START Dataset extract
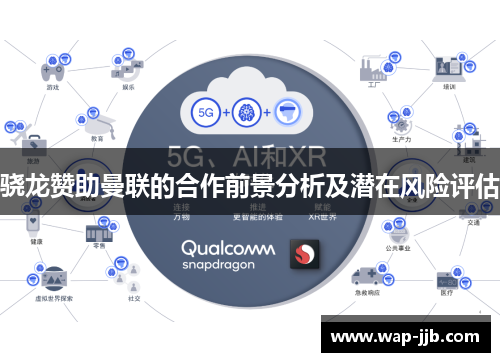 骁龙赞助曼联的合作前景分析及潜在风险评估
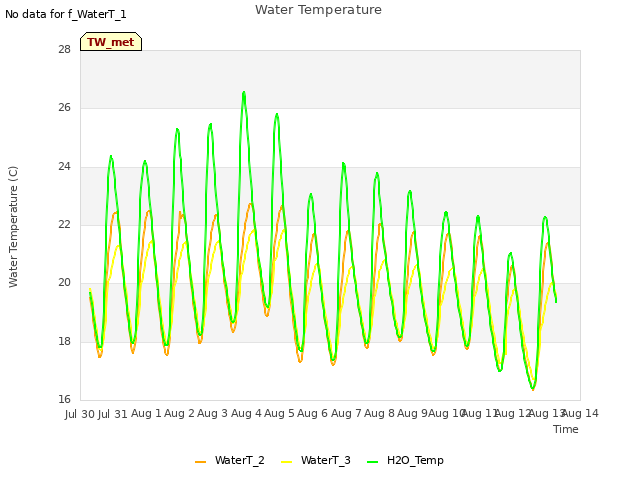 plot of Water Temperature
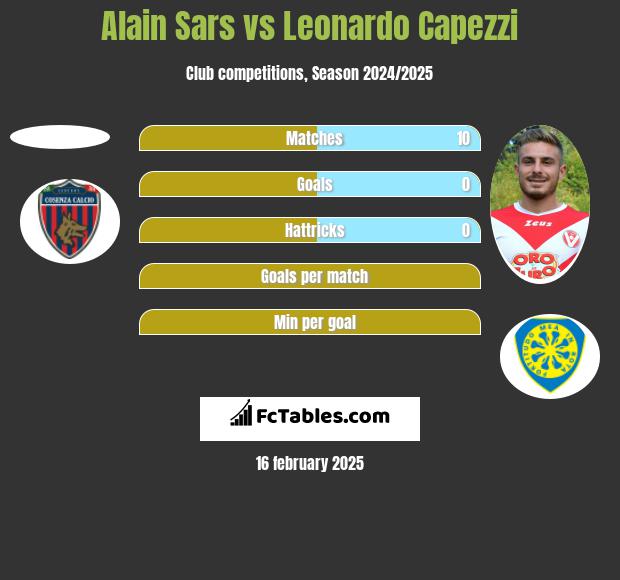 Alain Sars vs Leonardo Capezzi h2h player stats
END Dataset extract
START Dataset extract
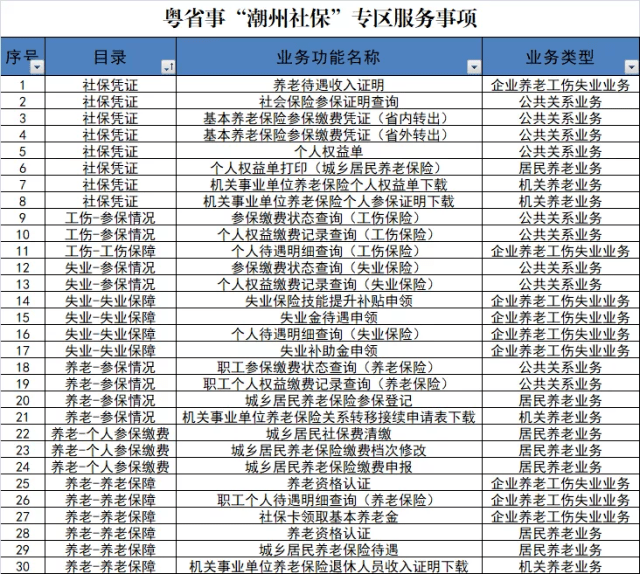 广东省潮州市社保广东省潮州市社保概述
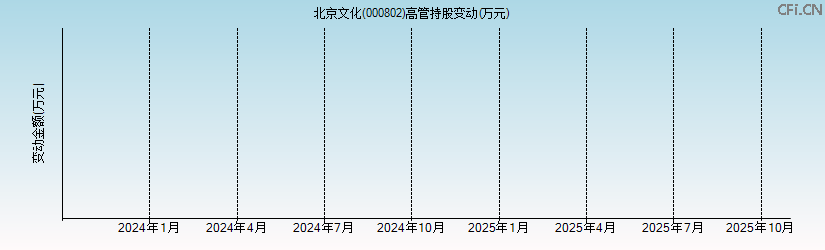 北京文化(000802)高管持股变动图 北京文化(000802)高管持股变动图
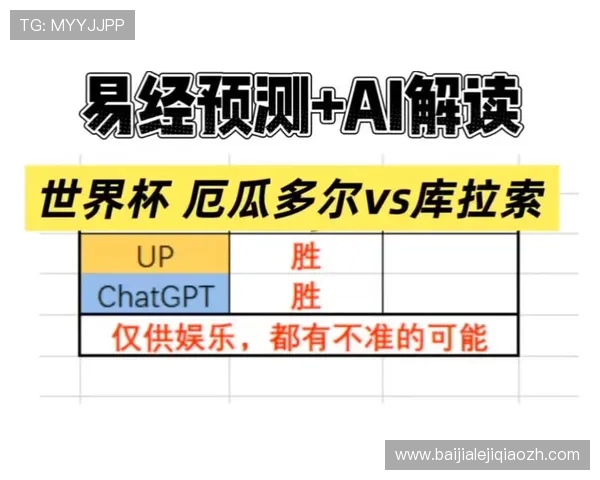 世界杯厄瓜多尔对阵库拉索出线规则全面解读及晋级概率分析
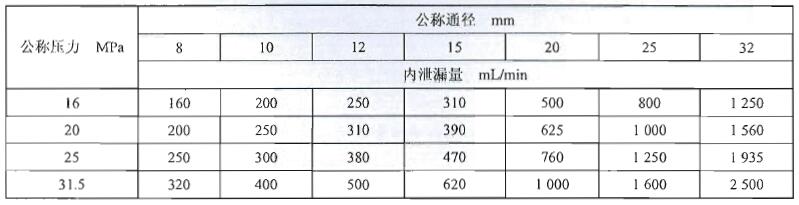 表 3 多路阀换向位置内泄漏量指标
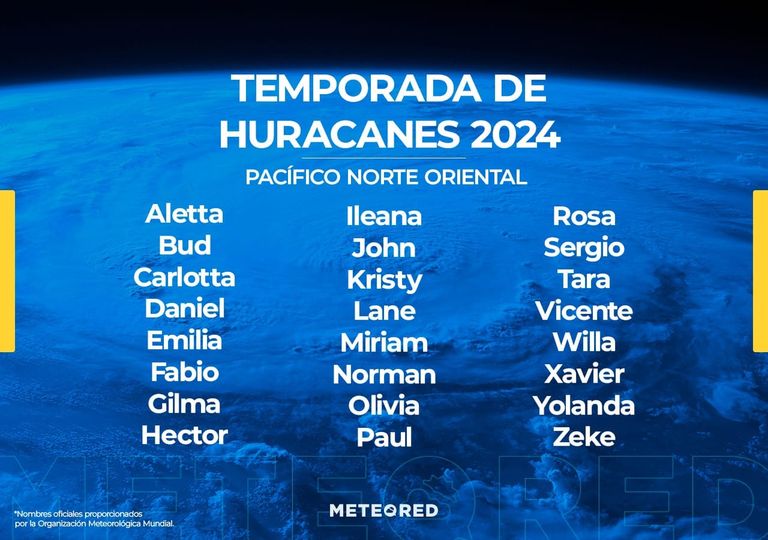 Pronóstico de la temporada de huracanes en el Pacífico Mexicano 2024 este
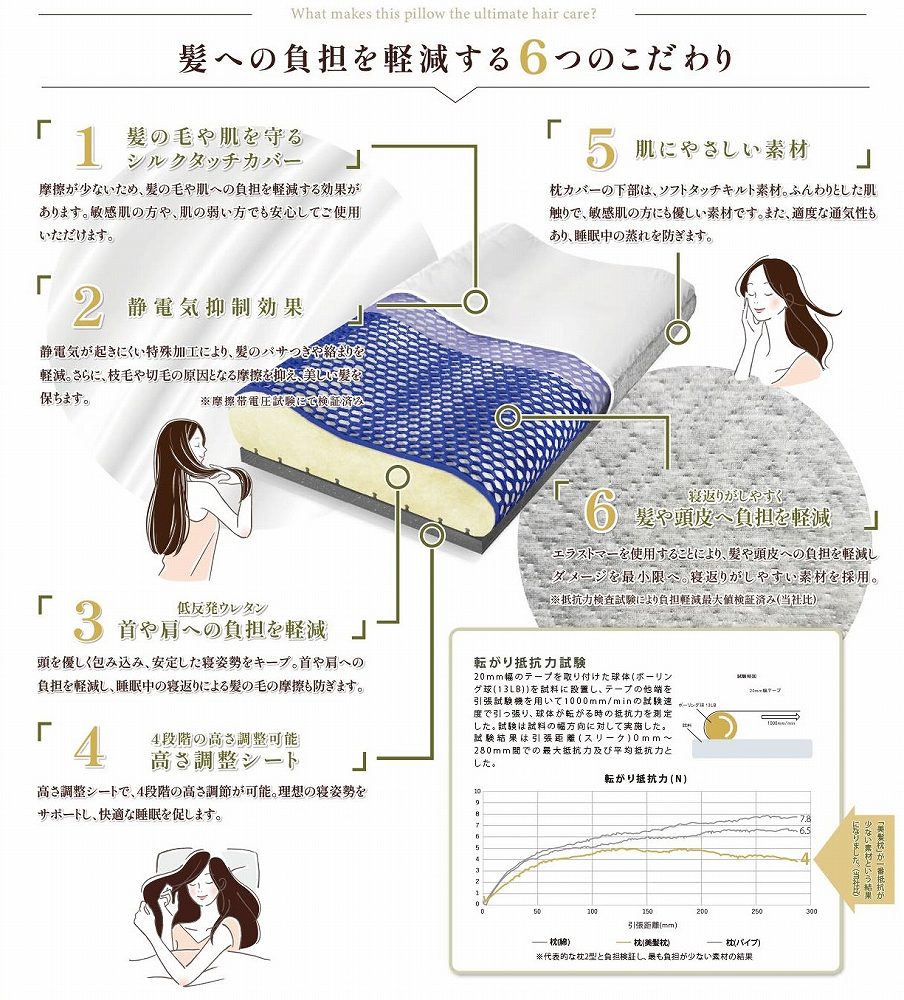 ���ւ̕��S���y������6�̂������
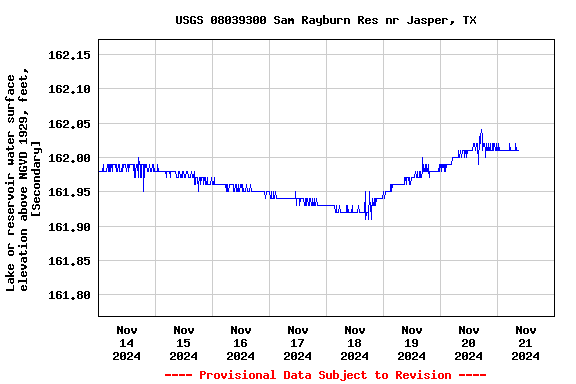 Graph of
END Dataset extract
§ What needs to be done:
Working from the entries above, reproduce exactly and only the lines beginning with the line that has "骁龙赞助曼联的合作前景分析及潜在风险评估" and ending with the line that has "Alain Sars vs"; omit all pictures.

§ Result below:
 骁龙赞助曼联的合作前景分析及潜在风险评估
 plot of Water Temperature
 Alain Sars vs Leonardo Capezzi h2h player stats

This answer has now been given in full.